She loves old bottles, too. Any kind of bottle, really. But especially milk bottles. We’ve got several old milk bottles in our kitchen at home that she’s gathered over the years. Of course, today, our milk comes in disposable plastic jugs or cardboard containers that we throw away when empty. But there was a time when a milk delivery truck would drive through neighborhoods delivering milk and other dairy products door-to-door. Milk bottles were used over and over. On the day the milk-man made his deliveries of milk, on the porch of many homes, empty milk bottles sat waiting to be picked up. Every week, empty milk bottles were exchanged for full ones. We don’t do that, anymore, of course. Times have changed. Life is different. But noticing how things used to be can bring fond memories, sometimes. Maybe that’s why my wife loves to go antiquing.

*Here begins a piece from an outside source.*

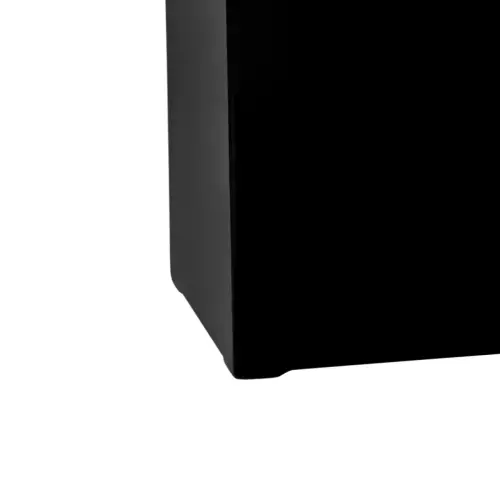 Charakterystyczne nóżki czarnej donicy D972G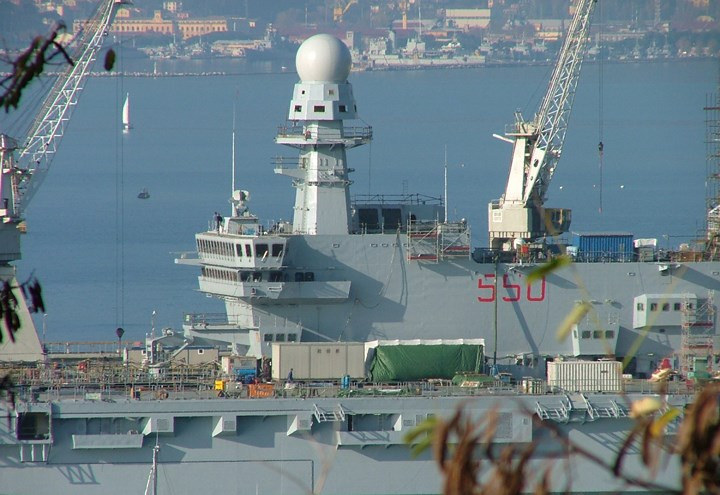 Tàu sân bay này có 2 hệ thống thả bẫy mồi nhử ODLS-H/ODLS.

I sat looking at some of those old milk bottles we have in our kitchen the other day, and I wondered: If they could talk? If they could tell me stories about the towns they’ve been in, the neighborhoods where they were delivered? I wonder what kinds of interesting things I would hear? Who were the families that drank the milk they contained? Where are the boys and girls who poured milk from those bottles into bowls of Kellog’s corn flakes, or Sugar Pops? Where are those boys and girls now? Grown, of course. Many of them probably not even alive. But the other day, as I sat noticing my wife’s collection, I wondered what stories I might hear, if those old milk bottles could talk? What secrets they might disclose about lives and life as it used to be. Wouldn’t it be great if a milk bottle could talk.

Well maybe it would be great. Everyone likes a happy ending or a nostalgic story. But what about the painful parts of the story they might tell? What about the real episodes of life. “Father Knows Best’ was fun to watch on television. But what about real life, when father didn’t act like he knew what was best. In fact, father didn’t do the right thing at all. What if there were days when the milk bottle that sat on the front porch may have been empty, but the house behind the front door was filled with sadness and tears. 

Everybody knows, of course, that a milk bottle can’t talk. A milk bottle can’t remember stories about the way things used to be. But that doesn’t mean bottles have no use, when it comes to remembering life as we’ve lived it, and the things that have happened that we struggled with, the emptiness we can feel. God knows. God remembers. God who is eternal understands.

That must be why the psalmist asked the God who never forgets to remember. Ps. 56:8 says, “You have taken account of my miseries; Put my tears in Your bottle ….” God still makes house calls, friend. When you ask Him … He ‘ll take your emptiness and fill it with his amazing grace and love. Not some old or antiquated remedy. But fresh and delivered personally to the doorstep of your life.